JOHANNESBURG (Reuters) - Abu Dhabi-based shipbuilder Privinvest said on Monday it had begun arbitration proceedings to claim compensation against three Mozambican state-owned companies at the centre of a $2 billion debt scandal.
Privinvest’s claim comes nearly two months after Mozambique named the company in a lawsuit against firms involved in arranging loans meant primarily to fund a fleet of fishing boats but which ended up tipping Mozambique into a debt crisis.
The U.S. Justice Department alleges several people, including a former employee of Privinvest, facilitated $200 million in bribes and kickbacks to themselves and government officials from the $2 billion loans.
The loans were not disclosed to the International Monetary Fund (IMF) as required for those nations seeking financial assistance, and included an $850 million “tuna bond” to finance a fleet of fishing boats in 2013.

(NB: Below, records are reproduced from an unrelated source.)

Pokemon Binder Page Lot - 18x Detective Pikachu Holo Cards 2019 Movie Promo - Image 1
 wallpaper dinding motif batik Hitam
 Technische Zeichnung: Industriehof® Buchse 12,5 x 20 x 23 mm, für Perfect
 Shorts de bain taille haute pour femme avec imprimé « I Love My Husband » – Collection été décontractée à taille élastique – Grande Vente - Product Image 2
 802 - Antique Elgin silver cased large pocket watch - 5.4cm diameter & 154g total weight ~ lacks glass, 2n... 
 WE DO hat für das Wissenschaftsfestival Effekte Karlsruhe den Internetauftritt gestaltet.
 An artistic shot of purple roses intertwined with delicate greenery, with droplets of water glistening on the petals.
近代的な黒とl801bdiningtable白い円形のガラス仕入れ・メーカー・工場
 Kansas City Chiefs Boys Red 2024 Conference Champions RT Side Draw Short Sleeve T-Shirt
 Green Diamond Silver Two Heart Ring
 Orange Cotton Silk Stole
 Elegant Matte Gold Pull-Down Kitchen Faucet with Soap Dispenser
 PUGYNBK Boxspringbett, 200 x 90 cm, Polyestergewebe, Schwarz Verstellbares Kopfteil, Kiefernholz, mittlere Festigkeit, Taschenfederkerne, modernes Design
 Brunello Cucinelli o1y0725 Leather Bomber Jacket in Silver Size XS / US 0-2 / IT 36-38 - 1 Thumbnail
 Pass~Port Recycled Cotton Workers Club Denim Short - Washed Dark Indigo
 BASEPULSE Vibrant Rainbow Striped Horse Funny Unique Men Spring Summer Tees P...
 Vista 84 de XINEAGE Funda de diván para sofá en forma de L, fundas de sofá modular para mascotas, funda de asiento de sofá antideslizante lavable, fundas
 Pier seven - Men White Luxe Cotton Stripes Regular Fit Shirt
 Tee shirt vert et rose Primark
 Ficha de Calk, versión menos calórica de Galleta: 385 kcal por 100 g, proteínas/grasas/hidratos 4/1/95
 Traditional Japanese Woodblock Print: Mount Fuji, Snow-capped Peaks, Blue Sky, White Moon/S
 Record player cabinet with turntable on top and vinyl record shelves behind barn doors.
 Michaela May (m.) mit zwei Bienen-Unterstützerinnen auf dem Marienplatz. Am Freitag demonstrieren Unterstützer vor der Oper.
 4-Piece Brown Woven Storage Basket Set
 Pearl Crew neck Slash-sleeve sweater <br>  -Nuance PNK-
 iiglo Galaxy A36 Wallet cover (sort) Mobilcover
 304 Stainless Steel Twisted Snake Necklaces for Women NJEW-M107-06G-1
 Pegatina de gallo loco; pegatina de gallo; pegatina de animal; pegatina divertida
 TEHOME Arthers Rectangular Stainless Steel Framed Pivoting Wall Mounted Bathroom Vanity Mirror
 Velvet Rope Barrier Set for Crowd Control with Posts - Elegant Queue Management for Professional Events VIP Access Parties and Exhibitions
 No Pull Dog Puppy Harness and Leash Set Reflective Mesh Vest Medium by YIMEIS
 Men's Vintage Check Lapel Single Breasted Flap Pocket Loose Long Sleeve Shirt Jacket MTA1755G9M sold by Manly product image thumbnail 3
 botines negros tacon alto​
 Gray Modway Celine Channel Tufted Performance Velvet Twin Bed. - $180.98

In a statement, Privinvest spokesman Jeffrey Birnbaum did not specify the amount of money being claimed for breaching contractual supply agreements. He declined to tell Reuters what arbitration mechanism was being used or where it was taking place.
The company had signed contracts with three Mozambican state-owned companies - Mozambique Asset Management, Ematum and ProIndicus - to supply ships, run shipyards and provide maritime security for the country.
Calls to the Mozambique Attorney General’s Office and companies involved went unanswered.
The southern African state admitted in 2016 to the undisclosed lending, prompting the IMF and foreign donors to cut off support. That triggered a currency collapse and a default on Mozambique’s sovereign debt.
It is still struggling with the economic impact.